Since Perion has a foothold in each market, its customers can shift advertising dollars from one basket to another without leaving the platform. This is one reason Perion’s growth is accelerating. Its sales grew 40% year over year in the first quarter of 2022 versus 36% over the prior year in Q1 2021.
Perion is GAAP profitable and undervalued
Perion separates itself from many growth stocks because it is GAAP (generally accepted accounting principles) profitable and has been for years. As seen below, net income and earnings per share (EPS) made a big jump in 2021.
Perion is also conservative when it comes to managing its assets. The company has $437 million in current assets and just $163 million in current liabilities as of Q1 2022. Perion has made several strategic acquisitions over the years, such as the recent addition of Vidazoo, and the strong balance sheet will allow this to continue.
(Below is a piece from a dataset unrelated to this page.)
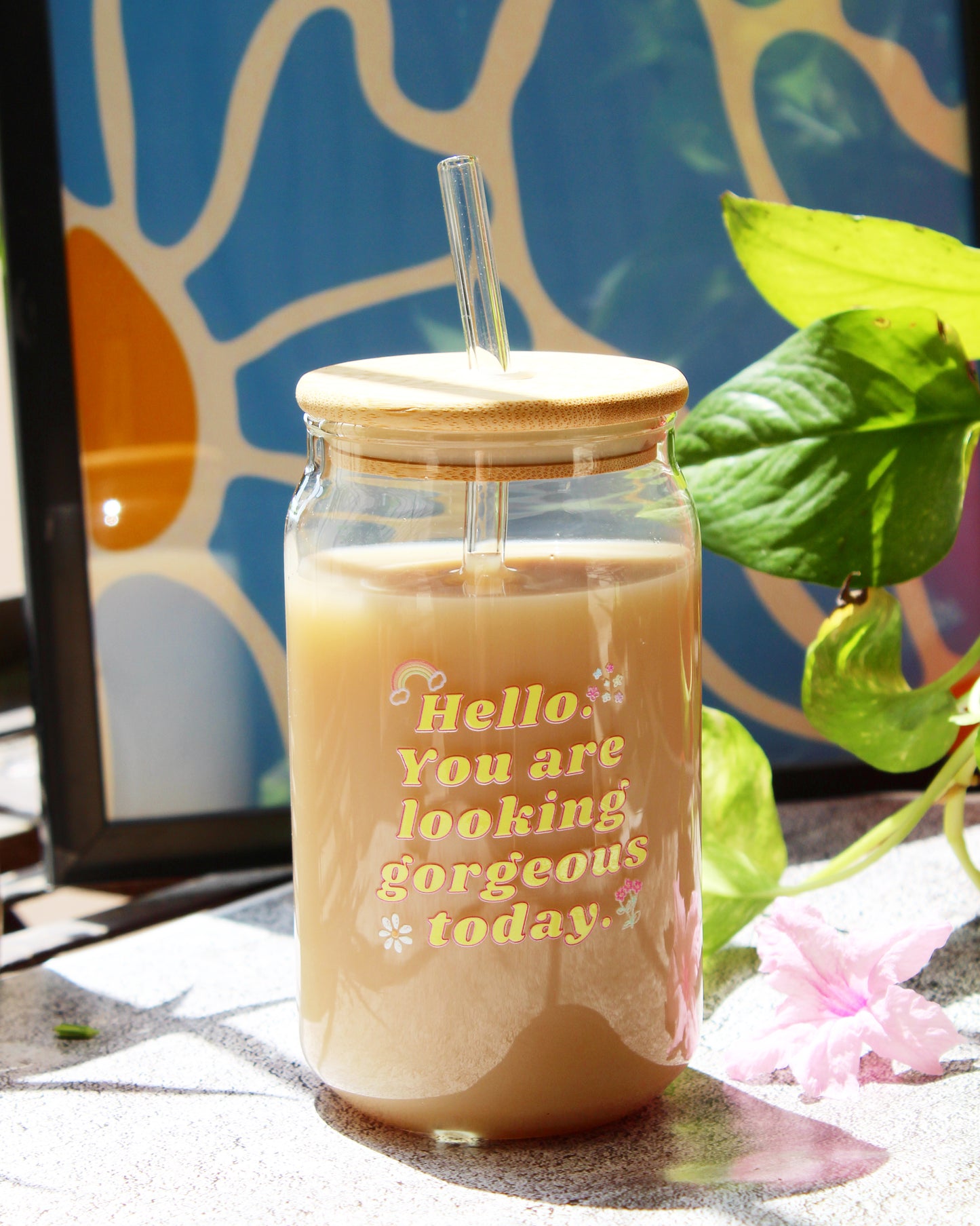Glass Tumbler with Straw - You are looking gorgeous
Perion’s stock hasn’t garnered a premium valuation. This may be the result of risks associated with being a small fish in a big pond, or perhaps because the company is relatively unknown. In any event, the price-to-earnings (P/E) ratio is under 15 and attractive when placed next to other digital ad-tech stocks, as shown below.
The stock made a significant move up in late 2020, going from well under $10 per share to the $20 per share range, near where it sits today. If management can continue the company’s impressive performance and weather a likely upcoming economic slowdown, this stock could be ready to take another significant leg up.